Iranian state oil company National Iranian Oil Co. (NIOC) in may of 2016 will be selling to Asian consumers Forozan Blend crude oil by $2.43 per dollar cheaper than the average price of oil from Oman and the United Arab Emirates, according to Bloomberg, citing an unnamed company representative. The cost varieties Forazan Blend per barrel will be 3 cents lower than the price of a barrel of crude oil Arab Medium, which produces Saudi Saudi Aramco (back in February Forazan Blend was more expensive than Saudi oil 7 cents). Oil Iranian Light will cost to Asian customers by 60 cents cheaper than similar grades of middle East oil.
With even more substantial discount, Tehran plans to sell heavy grade oil. Iranian Heavy to be cheaper than Oman and Dubai crude oil at $2,60 per barrel, the price of a barrel of oil grade Soroosh will, in turn, at $5,65 lower than Iranian Heavy.
As stated by Bloomberg the head of the strategic directions JTD Energy Services John Driscoll, a key area of competition between Iran and middle East countries for oil supplies will be Asia, but competition will be for consumers in the Mediterranean and Northwest Europe. According to analysts Bloomberg, this year Iran will compete with Russia.
As noted by Bloomberg, during the previous seven years, Iranian oil was more expensive than oil from other middle Eastern producers.
Iran is not only going to sell oil cheaper than the competition, but also to increase the volume of its production: as stated by Iranian oil Minister Bijan Zanganeh Iran’s Shana Agency, by March 2017 Tehran plans to produce 4 million barrels a day (i.e. return to 2008 volumes). Thus, according to the International energy Agency (IEA), the mark of Iran can only be achieved by early 2020-ies (then the level of annual production is estimated at 3,94 million barrels a day, the IEA predicts).

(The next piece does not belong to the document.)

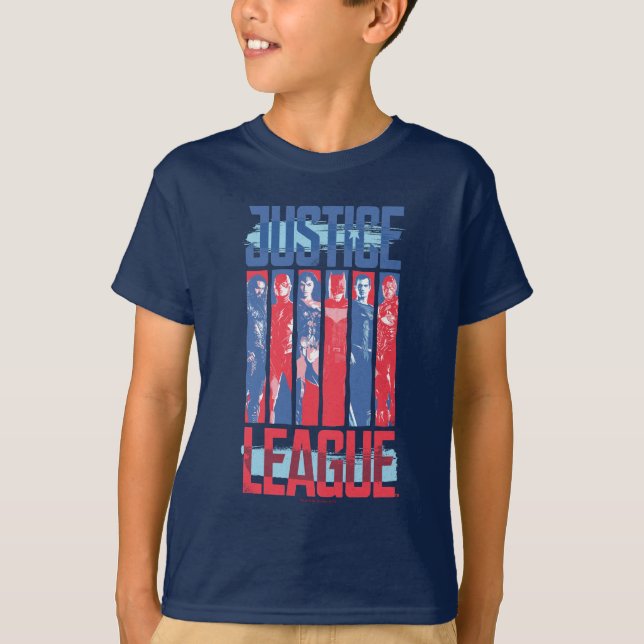 T-shirt Ligue de Justice | Blue & Red Group Pop Art (Devant)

Iran’s plans for questioning the meaning of which is scheduled for April 17, talks oil producers in Doha. In the capital of Qatar, representatives of the countries-members of OPEC and other oil producers, including Russia, are due to discuss the possibility of freezing of oil production at the level of January 2016. In early April, Saudi Prince Mohammed bin Salman said in an interview with Bloomberg that Riyadh will freeze production only if the other oil producers, including Iran, will join us in this step. The Prince said that if one of the major manufacturers decide to increase production, Saudi Arabia “will not abandon the opportunities [to increase production] that it has been given”. “Say goodbye with hope of any agreement. Without Saudi Arabia such arrangements impossible. Why other manufacturers have to freeze the prey?” said analysts at Commerzbank Carsten Fritch.
Saudi Arabia is still quite sensitive to the expansion of Iran on oil markets. In order to limit the exports from the Islamic Republic, Saudi authorities, as he wrote in early April, The Financial Times, has restricted access to its ports for tankers with Iranian oil.